Input material section start

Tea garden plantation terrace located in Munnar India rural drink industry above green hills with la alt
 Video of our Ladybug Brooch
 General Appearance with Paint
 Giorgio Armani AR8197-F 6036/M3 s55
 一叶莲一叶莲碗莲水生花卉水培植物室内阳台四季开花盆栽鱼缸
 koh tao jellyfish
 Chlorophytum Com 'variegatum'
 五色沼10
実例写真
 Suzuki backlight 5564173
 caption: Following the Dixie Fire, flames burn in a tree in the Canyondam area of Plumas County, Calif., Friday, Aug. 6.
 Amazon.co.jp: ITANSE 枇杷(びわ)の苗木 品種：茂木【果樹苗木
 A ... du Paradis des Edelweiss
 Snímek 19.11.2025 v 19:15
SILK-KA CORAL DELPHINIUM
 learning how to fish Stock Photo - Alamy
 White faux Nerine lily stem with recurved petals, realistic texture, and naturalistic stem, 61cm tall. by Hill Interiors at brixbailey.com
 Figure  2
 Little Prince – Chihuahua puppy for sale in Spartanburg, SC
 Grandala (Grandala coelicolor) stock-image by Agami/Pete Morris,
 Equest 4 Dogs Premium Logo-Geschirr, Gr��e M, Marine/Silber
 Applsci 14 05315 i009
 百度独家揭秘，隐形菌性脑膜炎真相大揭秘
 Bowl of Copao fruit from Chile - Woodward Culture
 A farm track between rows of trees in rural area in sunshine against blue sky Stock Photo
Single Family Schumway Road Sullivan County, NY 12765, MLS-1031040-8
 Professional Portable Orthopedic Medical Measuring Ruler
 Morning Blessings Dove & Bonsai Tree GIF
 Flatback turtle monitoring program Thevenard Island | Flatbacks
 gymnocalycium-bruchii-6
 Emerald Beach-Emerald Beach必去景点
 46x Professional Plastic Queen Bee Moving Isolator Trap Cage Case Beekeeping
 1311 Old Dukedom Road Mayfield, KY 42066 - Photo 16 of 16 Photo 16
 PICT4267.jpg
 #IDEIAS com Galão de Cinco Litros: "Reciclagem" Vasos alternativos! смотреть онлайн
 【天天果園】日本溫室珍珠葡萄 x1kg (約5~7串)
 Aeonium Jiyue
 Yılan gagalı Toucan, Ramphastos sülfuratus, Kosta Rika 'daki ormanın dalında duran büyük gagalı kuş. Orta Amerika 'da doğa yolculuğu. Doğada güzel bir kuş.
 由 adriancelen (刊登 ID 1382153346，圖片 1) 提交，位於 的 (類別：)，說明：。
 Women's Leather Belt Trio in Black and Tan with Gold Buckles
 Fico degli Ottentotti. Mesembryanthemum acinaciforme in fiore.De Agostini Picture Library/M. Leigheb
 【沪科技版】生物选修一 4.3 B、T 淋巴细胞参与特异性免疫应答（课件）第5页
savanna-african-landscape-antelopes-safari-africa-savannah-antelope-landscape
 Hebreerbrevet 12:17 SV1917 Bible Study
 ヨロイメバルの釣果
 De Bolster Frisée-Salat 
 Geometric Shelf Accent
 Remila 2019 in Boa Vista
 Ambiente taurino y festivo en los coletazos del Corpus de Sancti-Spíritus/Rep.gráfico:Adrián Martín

Input material section end

▸ **What you will do**
Nothing but the complete listing, repeated exactly, belongs in the answer.

▸ **Written reply**
Tea garden plantation terrace located in Munnar India rural drink industry above green hills with la alt
 Video of our Ladybug Brooch
 General Appearance with Paint
 Giorgio Armani AR8197-F 6036/M3 s55
 一叶莲一叶莲碗莲水生花卉水培植物室内阳台四季开花盆栽鱼缸
 koh tao jellyfish
 Chlorophytum Com 'variegatum'
 五色沼10
実例写真
 Suzuki backlight 5564173
 caption: Following the Dixie Fire, flames burn in a tree in the Canyondam area of Plumas County, Calif., Friday, Aug. 6.
 Amazon.co.jp: ITANSE 枇杷(びわ)の苗木 品種：茂木【果樹苗木
 A ... du Paradis des Edelweiss
 Snímek 19.11.2025 v 19:15
SILK-KA CORAL DELPHINIUM
 learning how to fish Stock Photo - Alamy
 White faux Nerine lily stem with recurved petals, realistic texture, and naturalistic stem, 61cm tall. by Hill Interiors at brixbailey.com
 Figure  2
 Little Prince – Chihuahua puppy for sale in Spartanburg, SC
 Grandala (Grandala coelicolor) stock-image by Agami/Pete Morris,
 Equest 4 Dogs Premium Logo-Geschirr, Gr��e M, Marine/Silber
 Applsci 14 05315 i009
 百度独家揭秘，隐形菌性脑膜炎真相大揭秘
 Bowl of Copao fruit from Chile - Woodward Culture
 A farm track between rows of trees in rural area in sunshine against blue sky Stock Photo
Single Family Schumway Road Sullivan County, NY 12765, MLS-1031040-8
 Professional Portable Orthopedic Medical Measuring Ruler
 Morning Blessings Dove & Bonsai Tree GIF
 Flatback turtle monitoring program Thevenard Island | Flatbacks
 gymnocalycium-bruchii-6
 Emerald Beach-Emerald Beach必去景点
 46x Professional Plastic Queen Bee Moving Isolator Trap Cage Case Beekeeping
 1311 Old Dukedom Road Mayfield, KY 42066 - Photo 16 of 16 Photo 16
 PICT4267.jpg
 #IDEIAS com Galão de Cinco Litros: "Reciclagem" Vasos alternativos! смотреть онлайн
 【天天果園】日本溫室珍珠葡萄 x1kg (約5~7串)
 Aeonium Jiyue
 Yılan gagalı Toucan, Ramphastos sülfuratus, Kosta Rika 'daki ormanın dalında duran büyük gagalı kuş. Orta Amerika 'da doğa yolculuğu. Doğada güzel bir kuş.
 由 adriancelen (刊登 ID 1382153346，圖片 1) 提交，位於 的 (類別：)，說明：。
 Women's Leather Belt Trio in Black and Tan with Gold Buckles
 Fico degli Ottentotti. Mesembryanthemum acinaciforme in fiore.De Agostini Picture Library/M. Leigheb
 【沪科技版】生物选修一 4.3 B、T 淋巴细胞参与特异性免疫应答（课件）第5页
savanna-african-landscape-antelopes-safari-africa-savannah-antelope-landscape
 Hebreerbrevet 12:17 SV1917 Bible Study
 ヨロイメバルの釣果
 De Bolster Frisée-Salat 
 Geometric Shelf Accent
 Remila 2019 in Boa Vista
 Ambiente taurino y festivo en los coletazos del Corpus de Sancti-Spíritus/Rep.gráfico:Adrián Martín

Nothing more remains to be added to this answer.